**Exercise description**
Stop at the line that contains "Illustration montrant l'Phrenological". Until then, set down each line of the records exactly, beginning with the first, and skip pictures.

(Beginning of Given records)

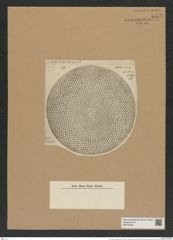 Coscinodiscus radiatus Ehr. (de-Toni-Nr.: Genus 202, Species 4972) Zeichnungen Sammlung Grunow Nr. 8572 (NHMW-BOT-W0378220)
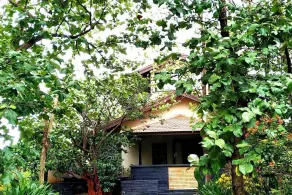 Jungle Safari Holiday Villa com 3 Bdrms - Image 1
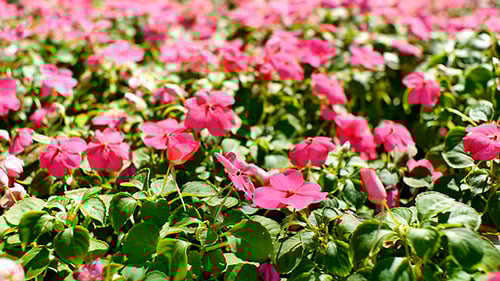 Blooming Field of Vibrant Pink Spring Flowers
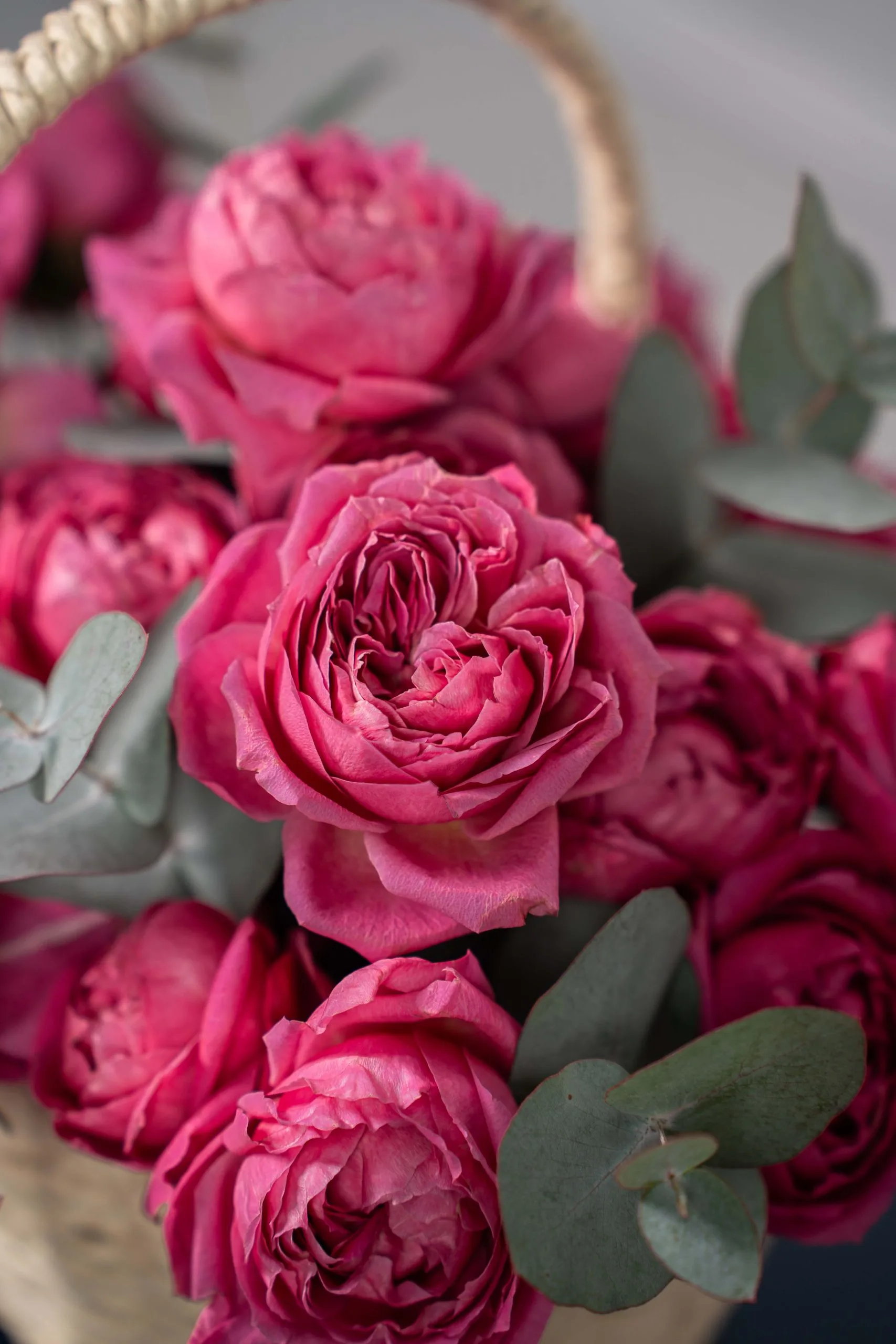 Fuchsia Fields - Image 7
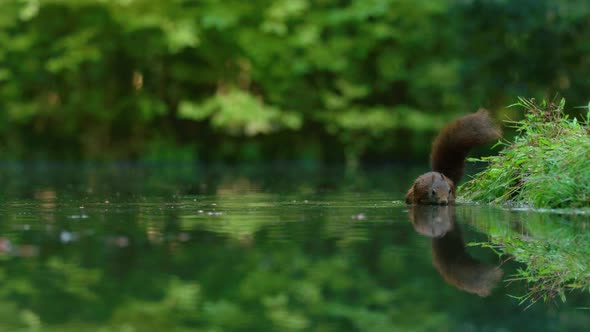 Dark squirrel wade and sniff water surface in search of hazelnuts - slow motion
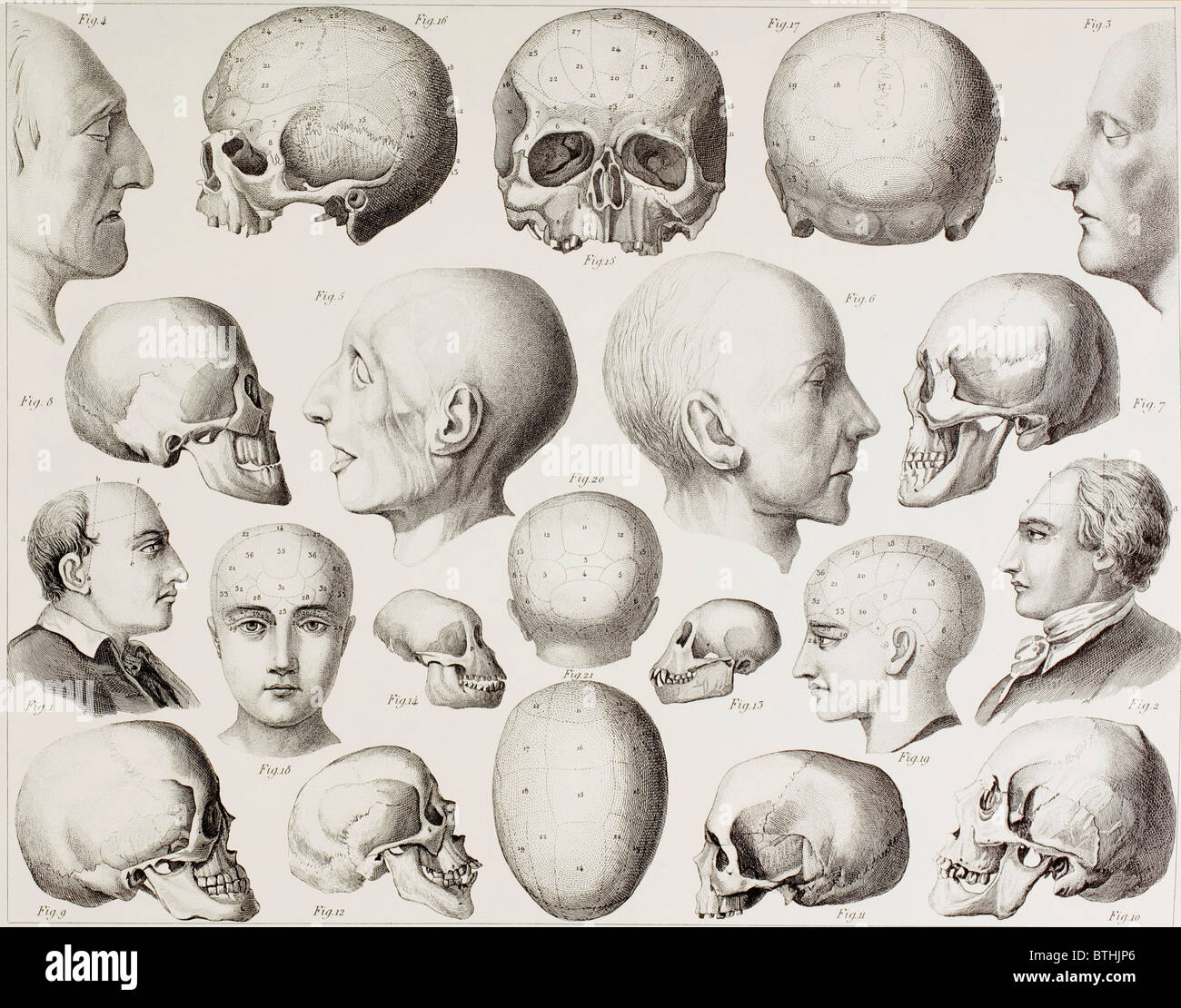 Illustration montrant l'Phrenological relations psychologiques du cerveau. Banque D'Images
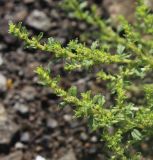 Amaranthus albus. Верхушки побегов. Московская обл., Серпуховский р-н, окр. платф. Шарапова Охота, железнодорожное полотно. 30.08.2016.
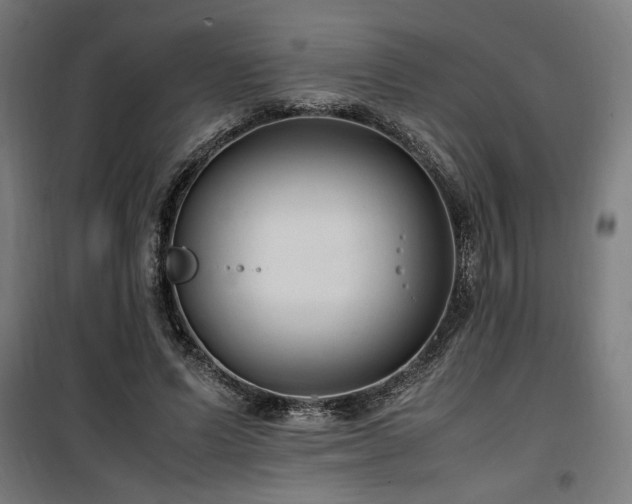 X0000100190591200805301249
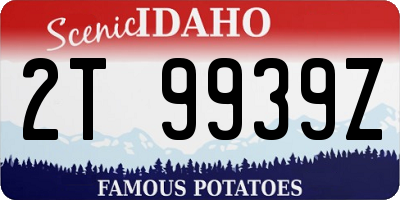 ID license plate 2T9939Z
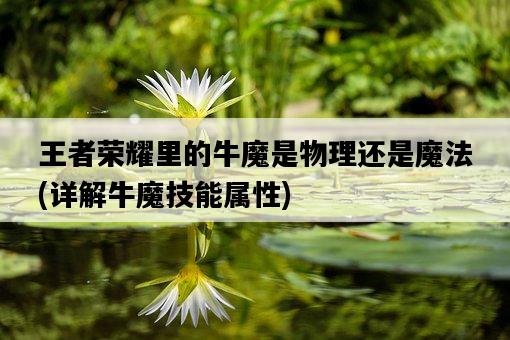 王者榮耀里的牛魔是物理還是魔法，詳解牛魔技能屬性-圖1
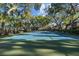 Community tennis court surrounded by mature trees with a blue surface and chain-link fence at 2665 Sequoia Ter # 306, Palm Harbor, FL 34683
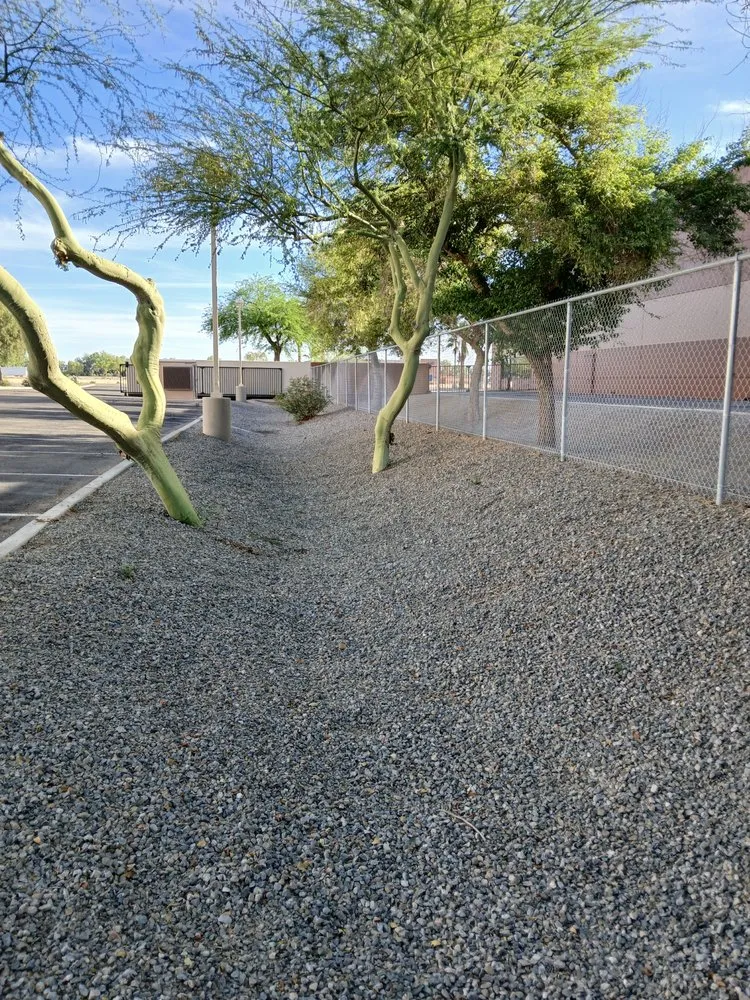 Reliable lawn mowing service in Yuma, AZ - MAC Landscape And Yard Maintenance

(End of Given records)

**Problem solution**
 Coscinodiscus radiatus Ehr. (de-Toni-Nr.: Genus 202, Species 4972) Zeichnungen Sammlung Grunow Nr. 8572 (NHMW-BOT-W0378220)
 Jungle Safari Holiday Villa com 3 Bdrms - Image 1
 Blooming Field of Vibrant Pink Spring Flowers
 Fuchsia Fields - Image 7
 Dark squirrel wade and sniff water surface in search of hazelnuts - slow motion
 Illustration montrant l'Phrenological relations psychologiques du cerveau. Banque D'Images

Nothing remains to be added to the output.